Mais uma carta diretamente do centro financeiro de Dubai, dessa vez em um café super charmoso chamado LDC. Já que estou ficando nessa região (exatamente no mesmo lugar onde eu morei por um ano!), gosto de vir em um dos muitos cafés e restaurantes daqui. É uma sensação indescritível poder estar em Dubai, mas pelas minhas próprias pernas, sem estar trabalhando para nenhuma das empresas daqui.
Quando que nos meus sonhos mais loucos eu achei que poderia estar no centro financeiro de Dubai, indo trabalhar de cafés - incríveis, por sinal - e que eu poderia escrever e fazer meus próprios horários?
Que eu poderia estar aqui por escolha… e com liberdade?
Que eu poderia no caminho estar aprendendo ainda mais sobre diferentes culturas, religiões e modos de viver? Que assim, me sentiria totalmente a internacionalista que eu sempre quis ser?
Ainda tenho muito para escrever sobre as escolhas e desafios que me ajudaram a chegar aqui.
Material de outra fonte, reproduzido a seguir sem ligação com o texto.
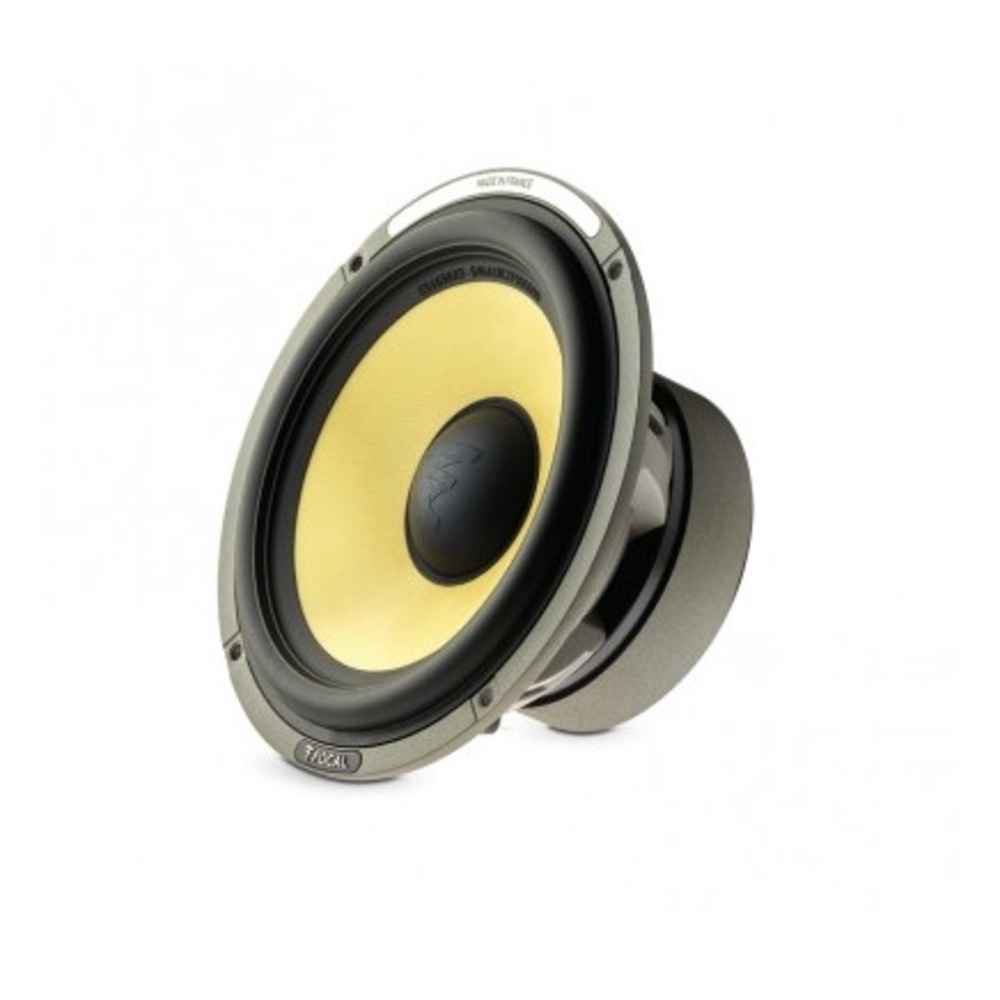 Автомобильный сабвуфер Focal MW ES165KX3 HPVE1081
Mas, hoje quero escrever sobre a minha experiência de ontem a noite, ainda muito viva em mim - especialmente em meu estômago ainda se recuperando do banquete.
Ontem, pela primeira vez, pude participar de um iftar!
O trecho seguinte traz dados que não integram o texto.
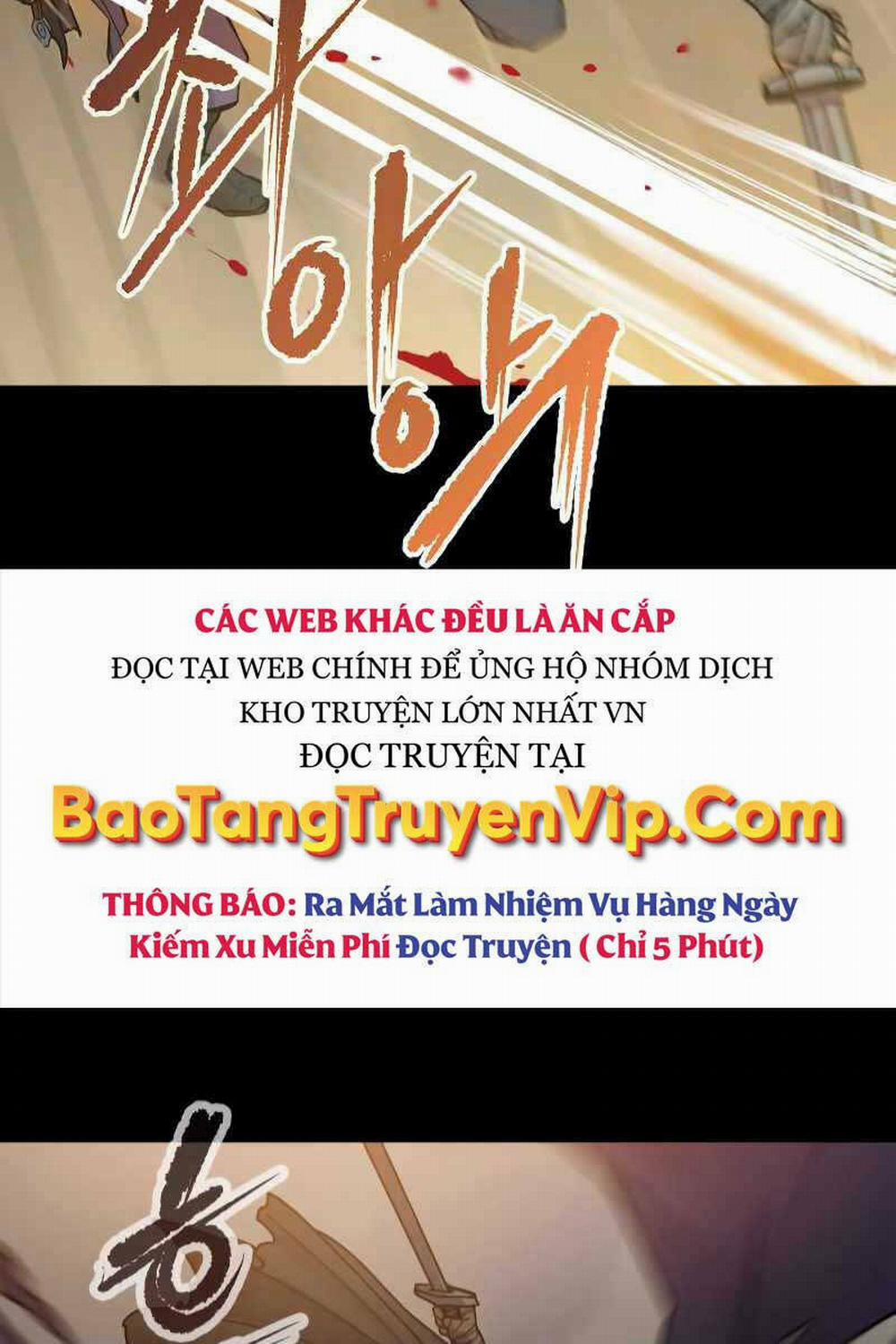 Ma Đạo Chuyển Sinh Ký Chương 1 Trang 32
Antes de explicar o que é um iftar, acho importante dividir (com meu conhecimento limitado de alguém que não faz parte dessa religião) um pouco sobre o Ramadan, esse período de jejum que começou há alguns dias.
O Ramadan faz parte de um dos 5 pilares do Islamismo, que definem a identidade básica de muçulmanos e suas obrigações que devem ser cumpridas durante sua vida. Os 5 pilares são:
Shahada: A profissão da fé e é a expressão fundamental das crenças Islâmicas. Ela afirma que “não existe Deus exceto o Deus e Maomé é o seu profeta”.
Salat: Orações diárias. Espera-se que muçulmanos rezem cinco vezes durante o dia, virados na direção de Meca.
Zakat: Atos de caridade. Espera-se que muçulmanos doem parte de sua riqueza e ajudem os menos favorecidos.
Sawn: Jejum do mês do Ramadan. O mês sagrado do Ramadã acontece no nono mês do calendário islâmico, e espera-se que muçulmanos façam jejum do amanhecer ao anoitecer. É importante notar que há exceções para idosos, doentes e grávidas.
Hajj: Peregrinação a Meca. Todos muçulmanos com condições físicas e financeiras devem fazer a peregrinação a Meca pelo menos uma vez em suas vidas.
Eu lembro que meu primeiro contato com o Ramadan foi quanto estive pela primeira vez aqui nos Emirados Árabes Unidos em 2013. Foi no final do meu Summer Program para a China, onde meu grupo fez uma parada de 3 dias aqui, na volta para o Brasil. Era final de agosto, e além do calor escaldante, descobrimos que havíamos vindo durante o mês sagrado! Lembro vividamente da nossa dificuldade de encontrar restaurantes abertos para o almoço, e que acabamos pedindo sanduíches no Subway (que tinha cortinas, para que as pessoas de fora não pudessem ver as pessoas comendo).
Importante notar que hoje em dia em Dubai as coisas estão mais flexíveis e muitos restaurantes estão operando normalmente - sem cortinas e restrições. Eu ainda estou comendo e tomando cafés (muitos operando apenas internamente e não oferecendo seus serviços na área externa), mas sinto a vontade de me vestir de maneira mais modesta - não mostrando meus joelhos e ombros - e também estou evitando tomar água em público na rua, por respeito aos que estão fazendo jejum. Não senti até agora a menor pressão de fazer nada disso, mas me sinto feliz de realizar esses pequenos atos já que estou aqui, inserida em uma cultura diferente da minha.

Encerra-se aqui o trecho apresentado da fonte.